Portanto, todos os anos, depois de as chuvas terminarem, havia que proceder à recuperação da pista nas zonas adjacentes à placa, de modo a permitir a passagem dos aviões por cima desta sem sobressaltos.

A minha missão não teve problemas de maior, dado que as terras tinham sido repostas e a pista podia ser utilizada em segurança. Mas sempre me interrogava sobre o motivo por que tinha sido tomada esta opção (falta de espaço para a placa noutro local?) que tornava sazonal o uso daquela pista.
É que, sabendo-se das dificuldades sentidas pelos nossos militares nas zonas mais isoladas, a pista de aterragem era sempre uma mais-valia que podia reduzir um pouco esse isolamento e limitar as carências daí resultantes.
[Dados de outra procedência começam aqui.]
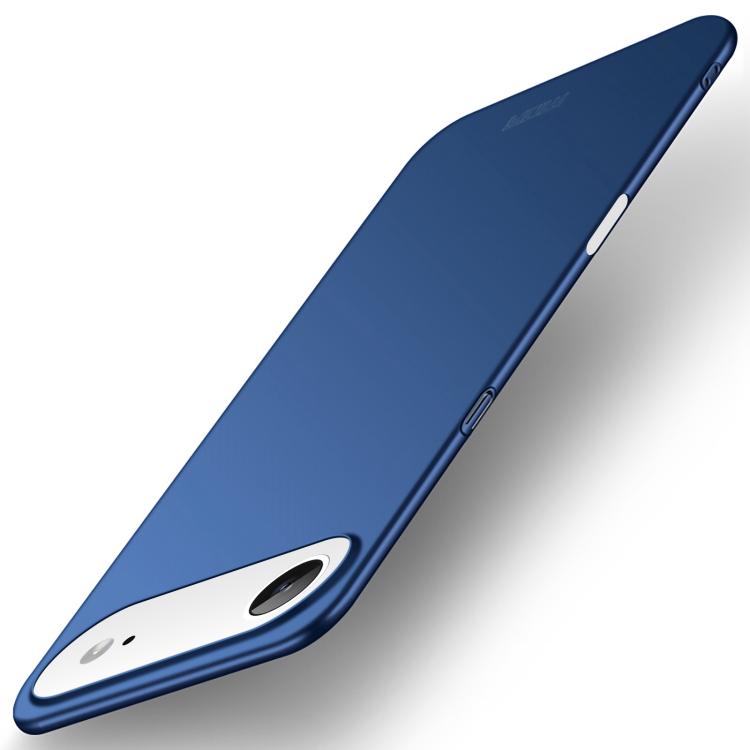 MOFI Frosted PC Ultra-thin Hard Phone Case, For iPhone 17e / 16e, For iPhone 17 Pro Max, For iPhone 17 Pro, For iPhone 17, For iPhone Air, For iPhone 16 Pro Max, For iPhone 16 Pro, For iPhone 16 Plus, For iPhone 16
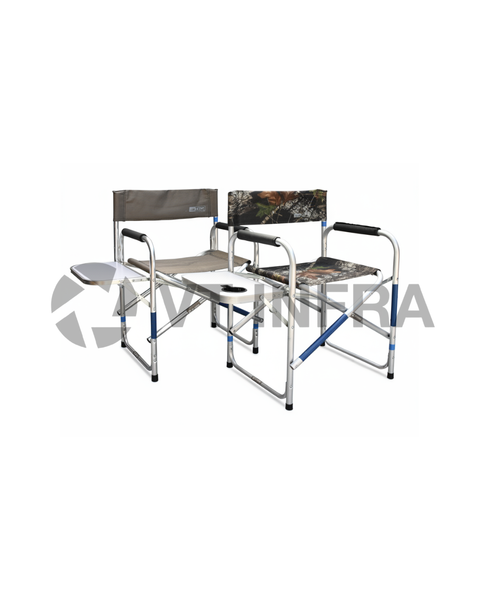 Cadeira de Diretor C/ Mesa lateral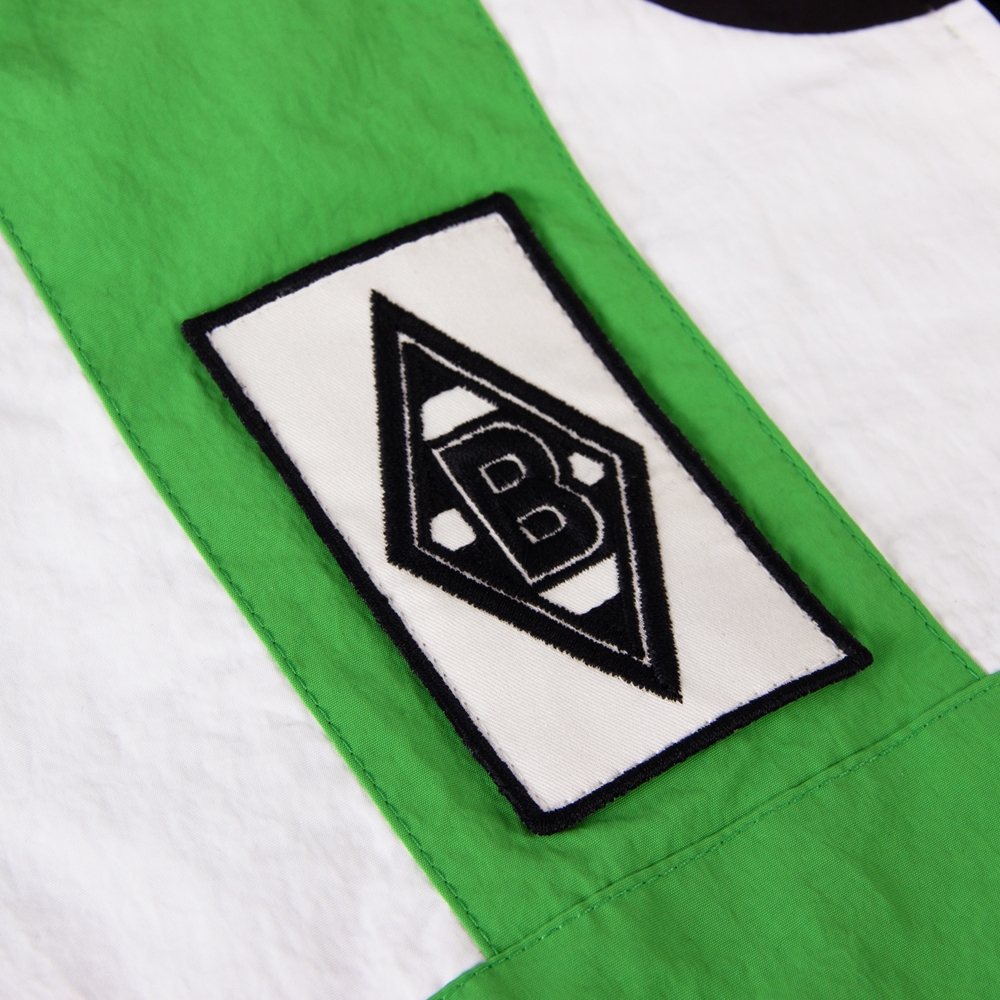 Copa Borussia Monchengladbach 1994 - 95 Retro Trikot grün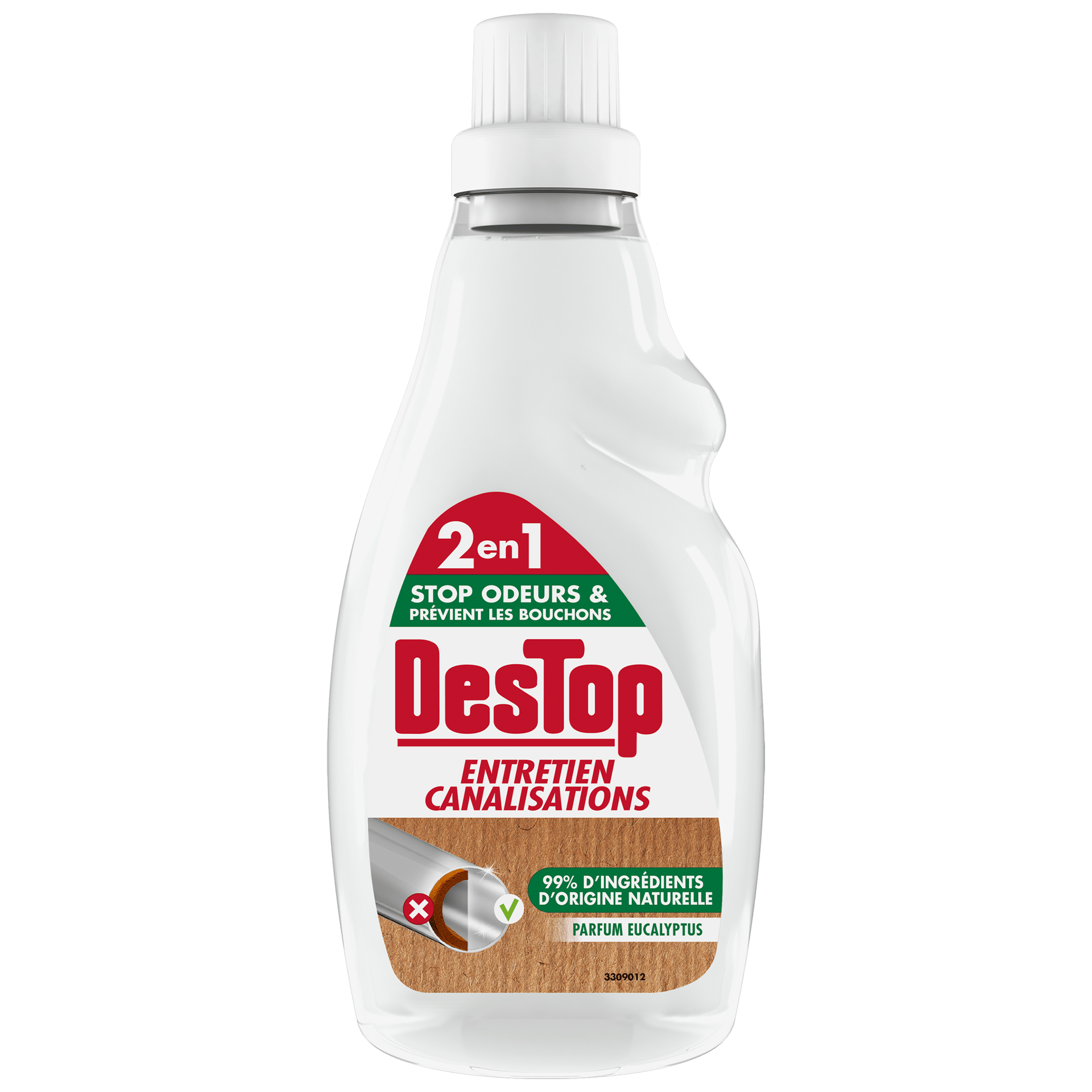 5 étapes pour déboucher les canalisations avec Destop | DesTop FR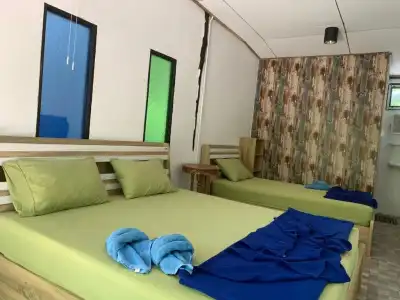 P.D. Guesthouse - 12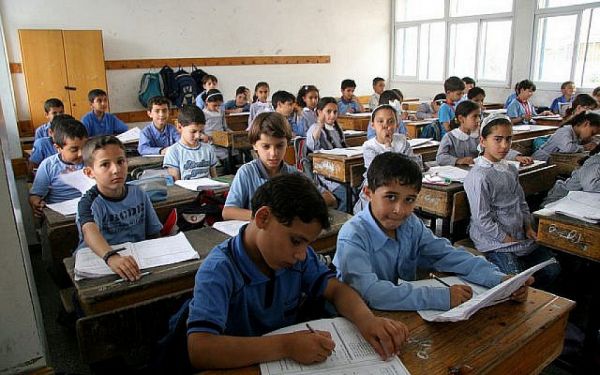 L’AP efface les traités de paix avec Israël des manuels scolaires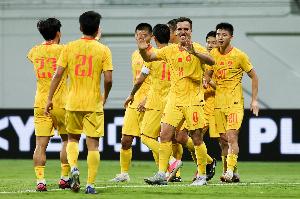 劉建宏評國足：最后一傳一射不佳，恰恰代表了中國足球正常水平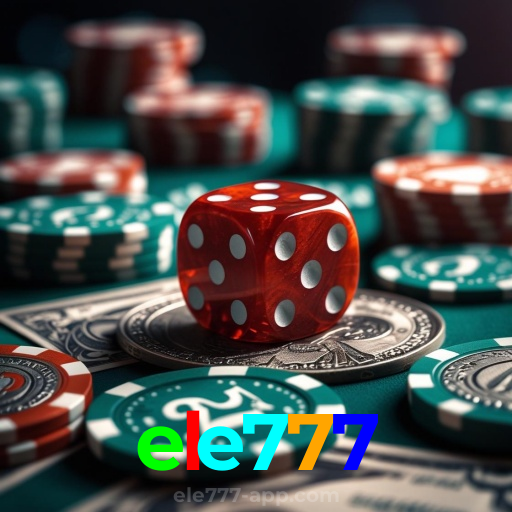 ele777:Onde sua sorte brilha: poker, roleta e apostas em futebol!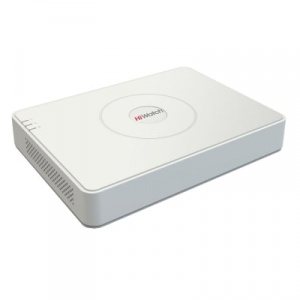 DS-N208P(B) IP HiWatch Видеорегистратор сетевой 8 каналов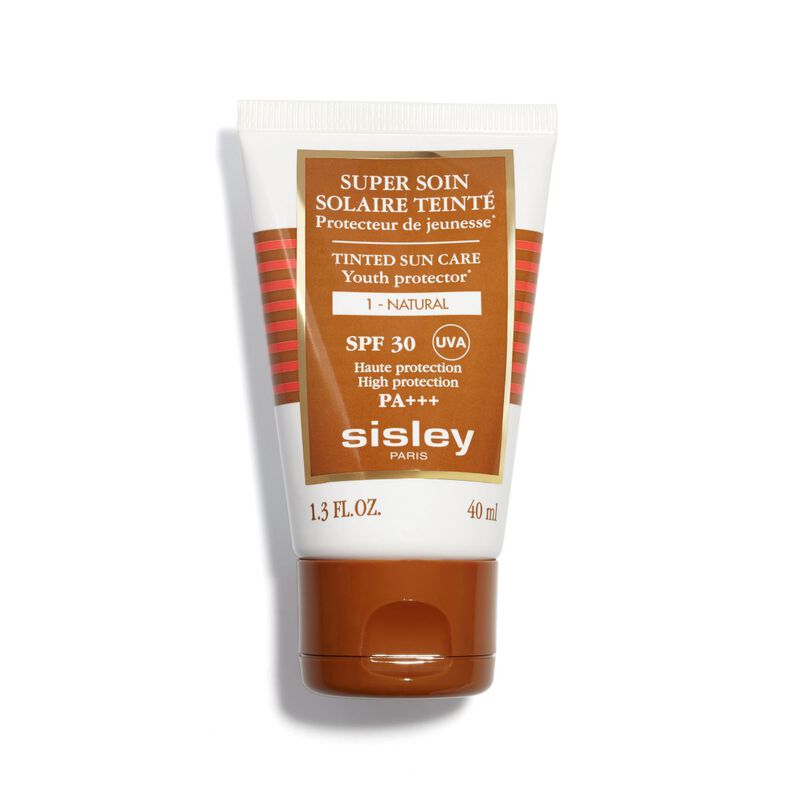 sisley super soin solaire facial sun care spf 30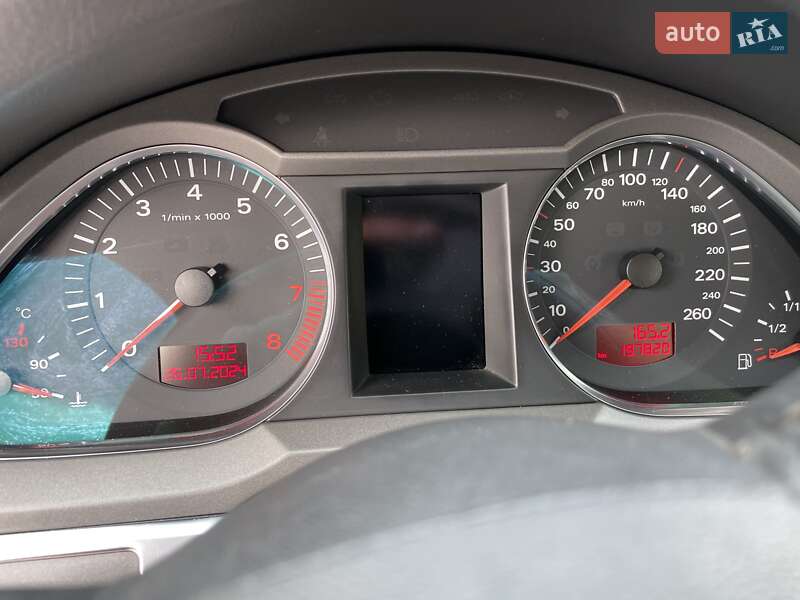 Седан Audi A6 2006 в Кременчуге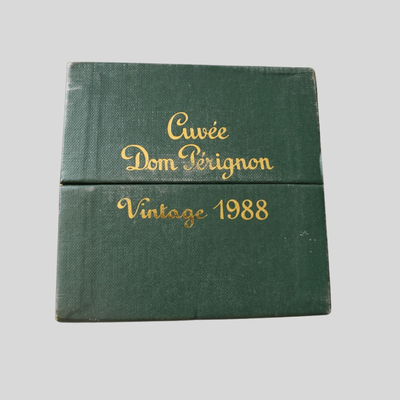 Cuvee Dom Perignon Vintage 1988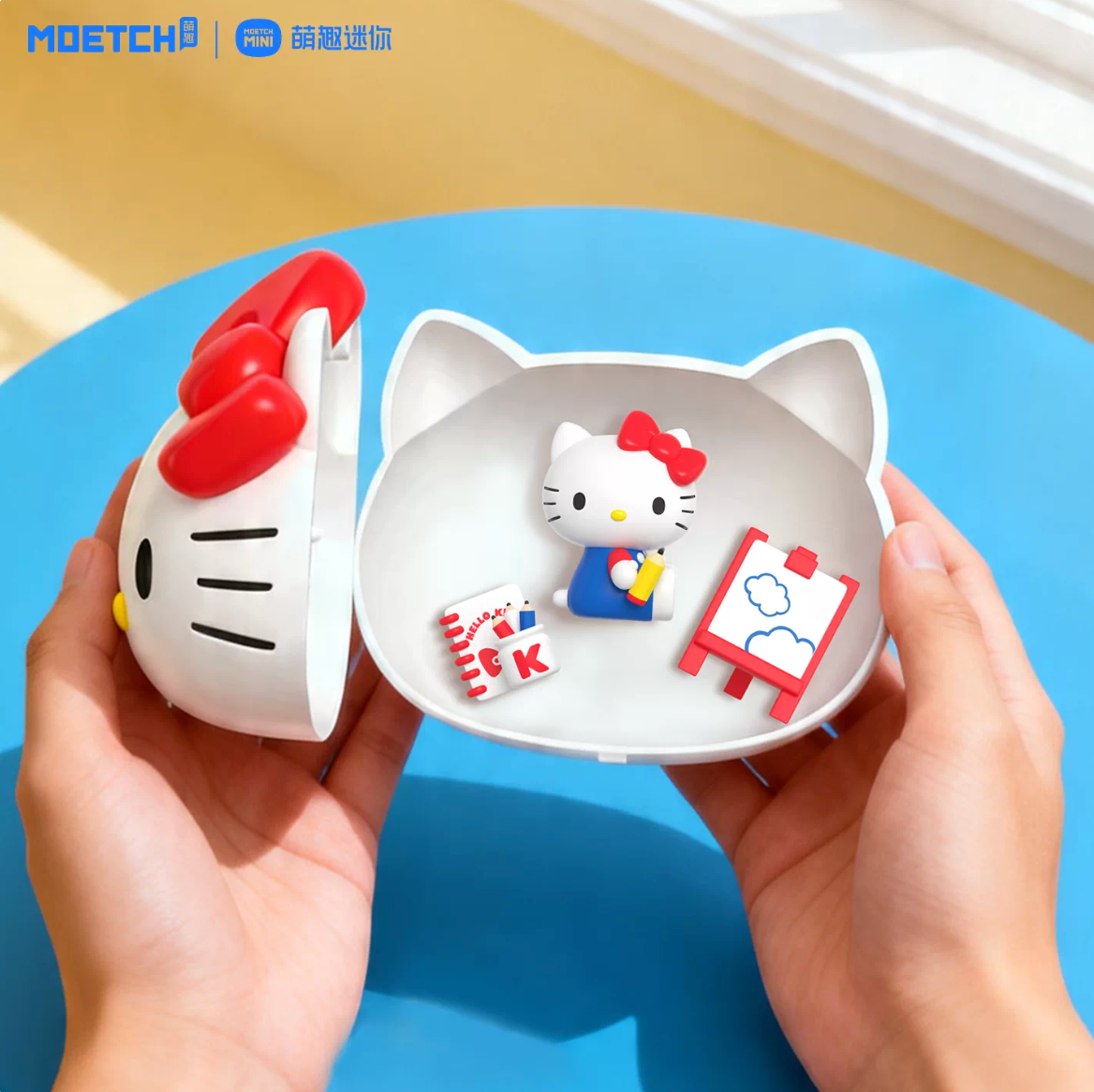 Moetch Mini x Sanrio Hello Kitty Daily Fun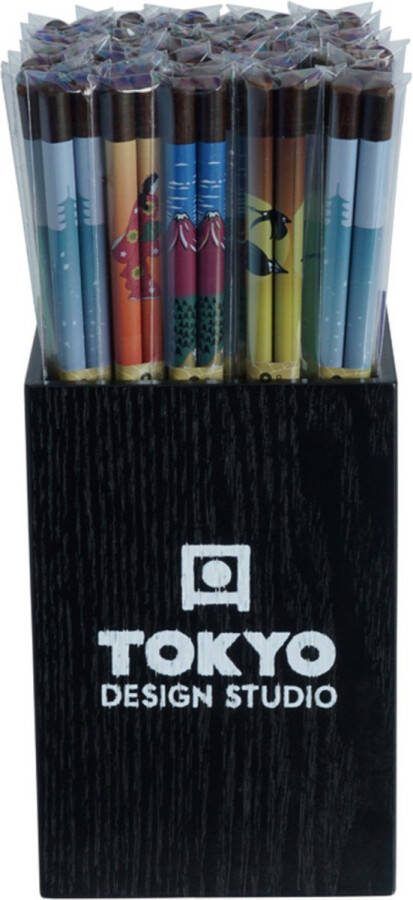 Tokyo Design Chopstick Set 50 paar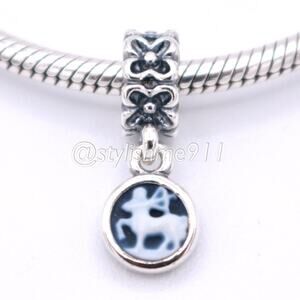 Authentic Pandora Sagittarius Cameo Charm - 790500CAM12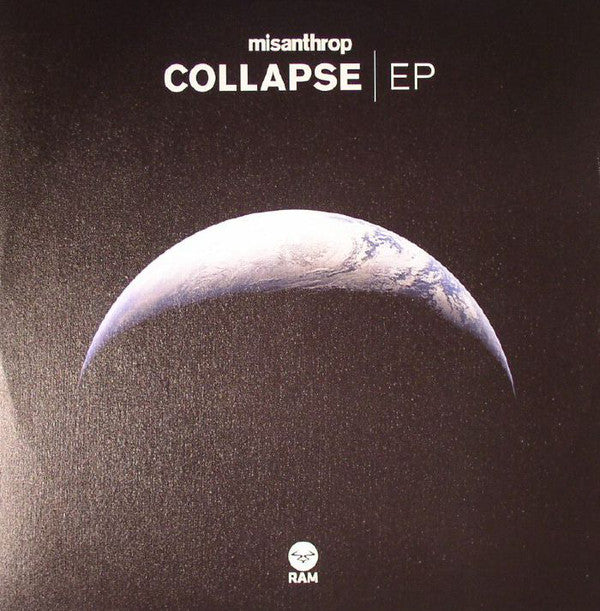 Misanthrop : Collapse EP (2x12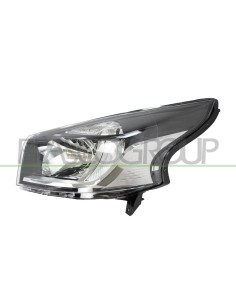 PROIETTORE SINISTRO H4 ELETTRICO CON MOTORE RENAUL 2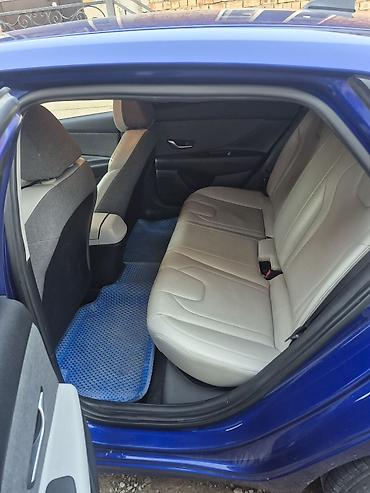 компр: Hyundai Avante: 2020 г., 1.6 л, Автомат, Бензин, Седан — 2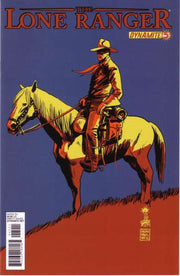 Lone Ranger 2012 Series #5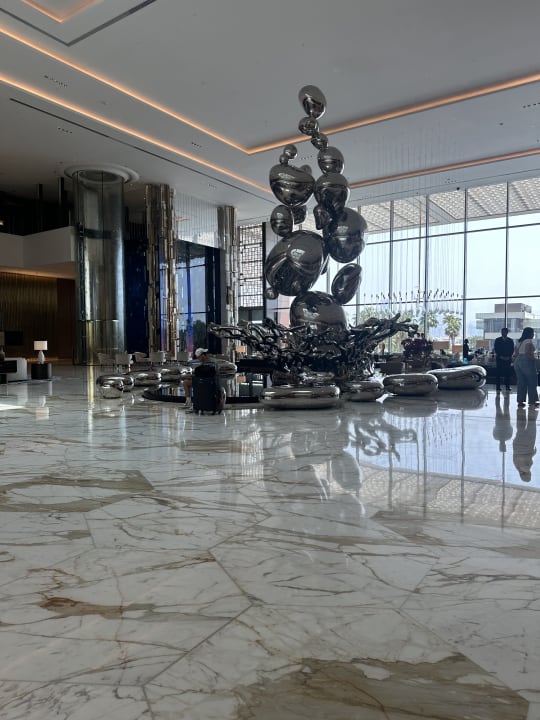 Lobby Atlantis The Royal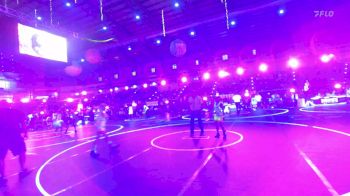 72 lbs Rr Rnd 1 - Delaney Hardy, Nebraska Wr Ac vs Aria Nunez, Takedown Elite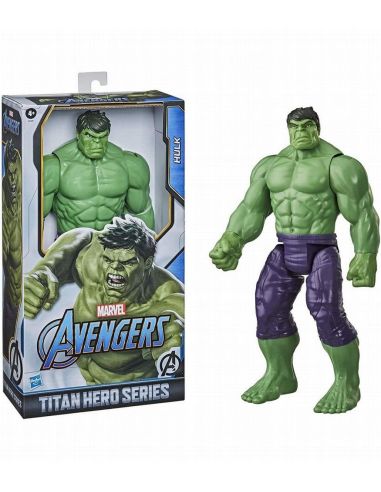 Figuras Accion Hulk Marvel Hasbro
Nota (1): Tratando-se de uma construção em cimento, muitas vezes saliente do chão cerca de um palmo, podia ser um obstáculo intransponível se se perdesse o controlo do avião e ele embicasse na direcção da placa (normalmente por causa dos ventos, pontualmente também me chegaram a aparecer à frente vacas e cães, durante a aterragem...).
Pelo menos lembro-me de um DO-27 imobilizado sobre os dois cotos que tinham sido o trem de aterragem, no meio de uma placa de helicópteros, devido à perda de controlo do avião durante a descolagem. Já não cheguei a ver lá o avião, mas as marcas deixadas pelos cotos no cimento ainda eram bem visíveis...

Um abraço,
Miguel Pessoa
Ten Pilav da BA 12
___________

Nota de M.R.:

Vd. último poste da série em:

27 de Fevereiro de 2010 > Guiné 63/74 - P5902: FAP (48): A guerra Páras-Fuzos, vista por um fuzileiro (Rui Ferrão)

4 comentários:

Jorge Narciso disse...

Viva Caro Miguel

O que "a gente" conheceu daquela terra!!!

Sitio "complicado" esse:
Galomaro, Duas Fontes e... Dulombi, última estação dessa "linha".

Fui lá algumas vezes, mas para o heli essa "estranha" configuração da pista era naturalmente imperceptivel.

Mas, já agora, e por falar em pista, aqui fica um Abração e um até sábado em Monte Real (estende à Giselda)

Jorge Narciso

antonio graça de abreu disse...

Fui uma vez ao Jolmete, em DO, com o major de artilharia Pimentel da Fonseca, oficial de Operações do CAOP 1, então em Teixeira Pinto. Foi em finais de 1972.
Não recordo o nome do piloto, mas era um daqueles gloriosos condutores de passarolas cinzentas que todos os dias desciam do céu para nos ajudar a viver. Talvez o Matos, ou o Miguel Pessoa.
O que me surpreendeu foi a pequena pista do Jolmete. Em terra, claro, não era completamente lisa, havia sido construída sobre uma bolanha e tinha uma leve ondulação, o que fazia com que as rodas da Do, ao aterrar e levantar trepidassem no solo.
Era seguro, mas aquele abanar ritmado da DO fazia tremer a espinha.

Um abraço, e até sábado em Monte Real. Vou pela A 8,no meu "avião" sem asas, de quatro rodas.

Abraço,

António Graça de Abreu

Luís Dias disse...

Caro Miguel Pessoa

Já não me recordo porque a pista do Dulombi estava colocada como tu referes, mas posso acrescentar que a pista foi feita pela minha companhia e que o heliporto já ali estava, poruqe foi construído pela CCAÇ 2700, nossa antecessora. Devo acrescentar que sempre ali pousaram DO-27, mas com as chuvas ficava impraticável, tendo de ser reparada com frequeência. Tinha até garrafas de cerveja enterradas (com gasolina ou petróleo?) para iluminar a pista durante a noite em caso de qualquer emergência. Vou contactar o capitão Pires, para ver se ele se lembra da construção da pista e depois informo-te do que apurar.
Um abraço do tamanho do Corubalo.
Luís Dias
Ex-Alf.Mil da CCAÇ3491
Guiné 1971-74

Luís Dias disse...

Caro Miguel Pessoa

Conforme referi no comentário anterior, contactei o ex-capitão Fernando Pires, cmdt da CCAÇ3491, instalada no Dulombi entre Janeiro de 1972 e Março de 1973 (a companhia foi para a sede do batalhão, Galomaro e regressámos novamente ao Dulombi em Janeiro de 1974, para preparar a recepção aos piras - embora semanalmente ali continuassemos a efectuar operações e onde tinham ficado 13 homens da companhia e 2 pelotões de mílicias) e tendo-o questionado sobre o problema da construção da pista de DO-27 que tu referes, ele disse-me que dado o tempo decorrido não se recorda dos pormenores da construção da mesma.

O que te posso dizer é que o lado da pista era um dos melhores protegidos do aquartelmento, sendo o lado da picada de saída para Galomaro.